The lineups remained the same for the Indiana Pacers as they continued to play short-handed without Domantas Sabonis and Myles Turner, but unlike their win over Chicago, the Pacers allowed those injuries to become a determining factor in tonight’s game against the Charlotte Hornets.
The play down the stretch, highlighted by a staggering free throw differential and game-deciding whistles, overshadowed Indiana’s lack of ability to close out the Hornets despite having multiple opportunities to do so. The Pacers were up by double figures in each of the first three quarters, leading by 17, 19, and 14 at different points in the game, including a 14-point advantage heading into the fourth.

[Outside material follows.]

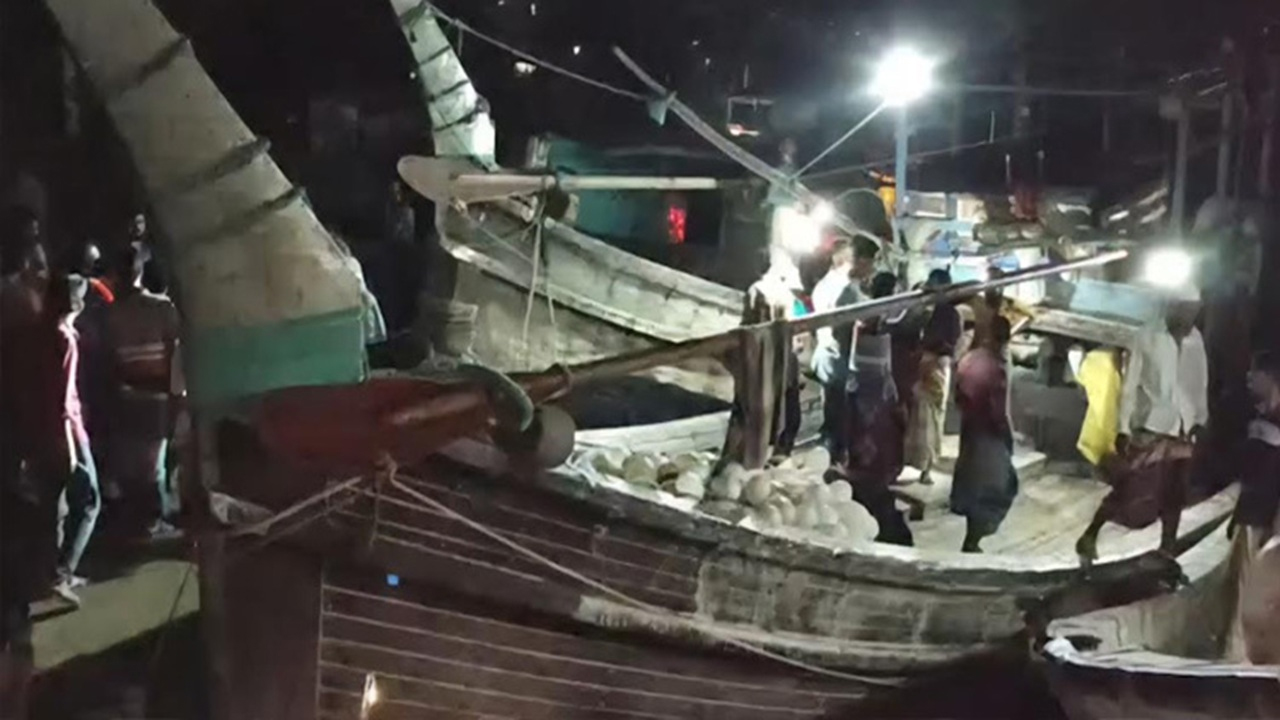 আজ মধ্যরাতে শেষ হচ্ছে ৫৮ দিনের নিষেধাজ্ঞা, জেলেদের সমুদ্রযাত্রার প্রস্তুতি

However, Charlotte showcased some excellent resiliency in climbing back into the game each time Indiana had an opportunity to stomp out the Hornets entirely. That came back to sting them when Charlotte outscored the Pacers 24-4 to start the fourth quarter, setting up a flurry of a finish to regulation, getting big time buckets from Malcolm Brogdon and T.J. Warren, eventually forcing overtime on a Brogdon layup with 16.8 seconds remaining.
In the extra period, the Pacers again had opportunities to close the game out, but missed back-to-back threes up 117-115, then allowed Devonte’ Graham’s career night to feature a crucial and-one with under two minutes to regain the lead for Charlotte. Warren would split a trip at the line, Graham would hit both of his. Jeremy Lamb somehow tied it up on a broken possession. Graham would again go back to the free throw line, icing the game on a rough, rough call on JaKarr Sampson, one the league will almost assuredly respond to with, “Our bad.”
All told, the Hornets outshot the Pacers 42-7 from the free throw line, a disparity that Indiana weathered early, but were unable to overcome when the Hornets stormed out of the gate in the fourth quarter. James Borrego’s decision to insert Bismack Biyombo to start the fourth paid massive dividends, as Biyombo not only scored 15 points, but helped to foul out both Goga Bitadze and T.J. Leaf, forcing Indiana to play the 6’7” Sampson at center in overtime.
That particular result was predictable. Leaf’s lack of overall skill defensively combined with Bitadze being a rookie spelled trouble for Indiana’s big depth, helping to define the 34-17 foul differential. Most of the calls weren’t bad, though a crucial offensive foul on Bitadze on a pick was, but Indiana was never able to play in the same realm as Charlotte in terms of drawing fouls (despite scoring 58 points in the paint), especially once free throws became a factor.
The second unit in particular was a mitigated disaster for the Pacers. After Indiana’s quick start and 19-point lead, the defense disappeared completely, allowing the Hornets to run layup drills with almost no resistance. While Aaron Holiday hit a pair of threes, dished to Justin Holiday for a three of his own, Doug McDermott was the leading scorer with eight. Leaf was scoreless, and T.J. McConnell had three turnovers to zero assists.
That is impossible to win with, especially with Graham’s career game, Biyombo’s fourth quarter dominance, and Cody Martin, who showed that not all zero point games are bad, pulling in 11 rebounds and covering Brogdon like a glove in the fourth quarter to limit his touches on offense.
Limiting Brogdon offensively late proved a big advantage for Charlotte. Not only was Brogdon the lone go-to for the Pacers in free throw shooting (5-5) in regulation, but he was effectively unstoppable when he did have the ball. He would finish with 31 points and eight assists, ripping apart the Hornets defense at will, but Martin’s ability to prevent Brogdon from getting the ball, along with double teams, kept it at “just” 31.
That the Pacers were almost able to overcome everything that went against them was a testament not only to Brogdon, but to Warren as well. Warren was a massive boost offensively all night, scoring 33 points on a dizzying 15-18 shooting and brought in some big defensive plays with two steals and a block. Lamb meanwhile wasn’t nearly as efficient, but scored well with 18 points.
Beyond that? Well, no one else reached double figures to help support Indiana’s top three scorers. Sampson provided some nice energy, including the game’s most emphatic block, but is a backup being thrust into a starting position. Bitadze, with another four block night to go with his 11 rebounds, is also being forced well beyond his current role due to injuries despite the positive flashes he continues to show.
Losing in overtime on the first night of a back-to-back while already playing short-handed feels like the worst possible outcome for the Pacers, short of another name getting added to the injury list. Without knowing whether front court relief will come as soon as tomorrow, the Pacers will have to dig deep to avoid falling two games under .500 when they host the Washington Wizards tomorrow night.